For instance, you can learn how much introspection has been trained in during RL, and you can also learn (sometimes) if output from other models has been incorporated into the RL.
I think of the self-knowledge conversations with models as a nicety that's recent, and stand by my assessment that this model is not trained using modern frontier RL workflows.
> you can’t use software to figure out the “process” used to manufacture the chip it is running on.
This seems so incorrect that I don't even know where to start parsing it. All chips are designed and analyzed by software; all chip analysis, say of an unknown chip, starts with etching away layers and imaging them using software, then analyzing the layers, using software. But maybe another way to say that is "I don't understand your analogy."
If it helps, the key part is: "that it is running on".
You can't use software to analyse images of disassembled chips that it is running on because disassembled chips can't run software!
A surgeon can learn about brain surgery by inspecting other brains, but the smartest brain surgeon in the world can't possibly figure out how many neurons or synapses their own brains have just by thinking about it.
Your meat substrate is inaccessible to your thoughts in the exact same manner that the number of weights, model architecture, runtime stack, CUDA driver version, etc, etc... are totally inaccessible to an LLM.
It can be told, after the fact, in the same manner that a surgeon might study how brains work in a series of lectures, but that is fundamentally distinct.
PS: Most ChatGPT models didn't know what they were called either, and tended to say the name and properties of their predecessor model, which was in their training set. Open AI eventually got fed up with people thinking this was a fundamental flaw (it isn't), and baked this specific set of metadata into the system prompt and/or the post-training phase.
> For instance, you can learn how much introspection has been trained in during RL,
That's not introspection: that's a simulacrum of it. Introspection allows you to actually learn things about how your mind functions, if you do it right (which I can't do reliably, but I have done on occasion – and occasionally I discover something that's true for humans in general, which I can later find described in the academic literature), and that's something that language models are inherently incapable of. Though you probably could design a neural architecture that is capable of observing its own function, by altering its operation: perhaps a recurrent or spiking neural network might learn such a behaviour, under carefully-engineered circumstances, although all the training processes I know of would have the model ignore whatever signals it was getting from its own architecture.

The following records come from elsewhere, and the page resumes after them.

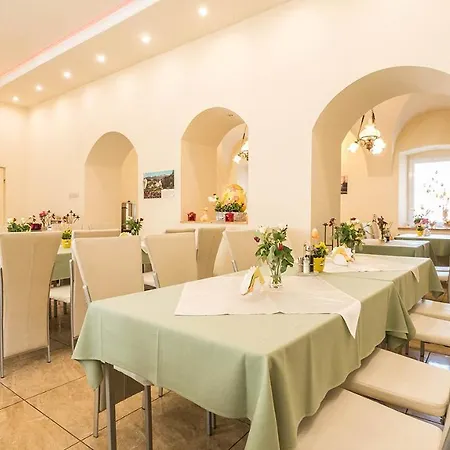 Gosciniec Jas -sniadania I Obiadokolacje Szwedzki Stol W Cenie Bezplatny Parking Semesteranläggning (resort) *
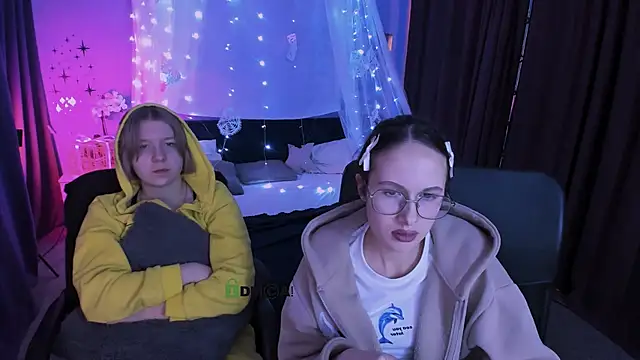 gloria_bubble's cam snapshot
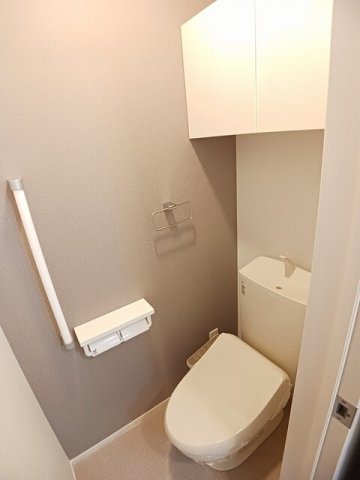 トイレ　清潔感のあるトイレです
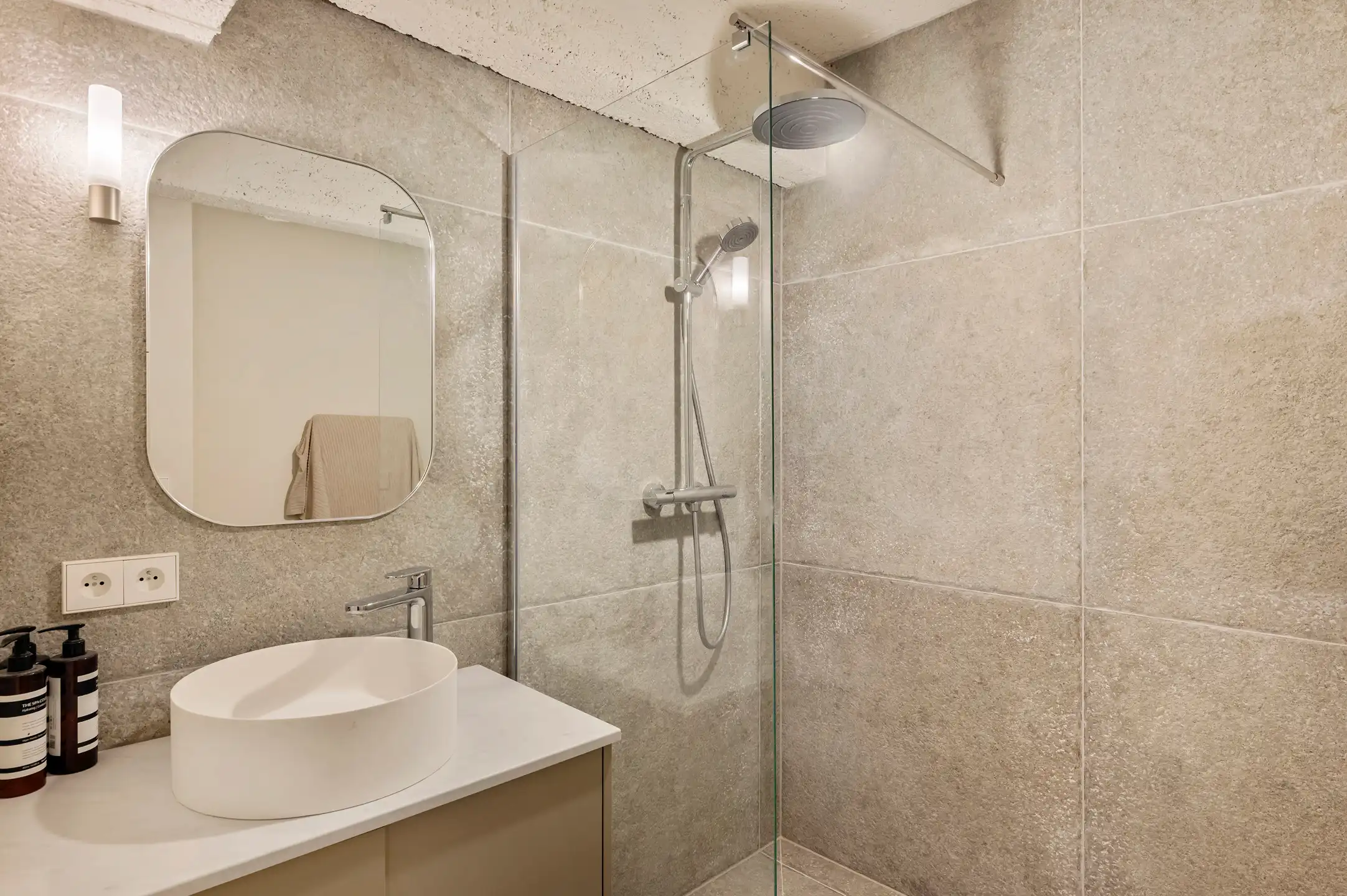 Exclusieve en instapklare gelijkvloerse loft met hoogwaardige afwerking foto 22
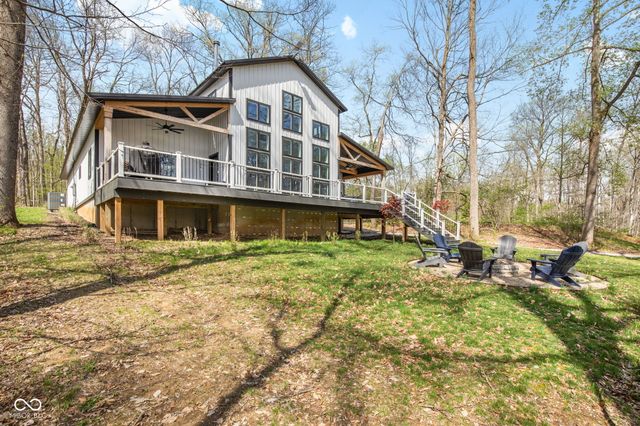 8446 E Parkview Drive, Rockville, IN 47872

> all chip analysis, say of an unknown chip, starts with etching away layers
Good luck running any software on that chip afterwards.
Introspection: all heard. As a practical matter, you can rl or prompt inject information about the model into context and most major models do this, not least I expect because they’d like to be able to complain when that output is taken for rl by other model training firms.
I agree that an intermediate non anthropomorphic but still looking at one’s own layers sort of situation isn’t in any architecture I’m aware of right now. I don’t imagine it would add much to a model.
Chip etching: yep. If you’ve never seen an unknown chip analyzed in anger, it’s pretty cool.
You must be a stupid brain if you don’t even know that!
Similarly: you can’t use software to figure out the “process” used to manufacture the chip it is running on.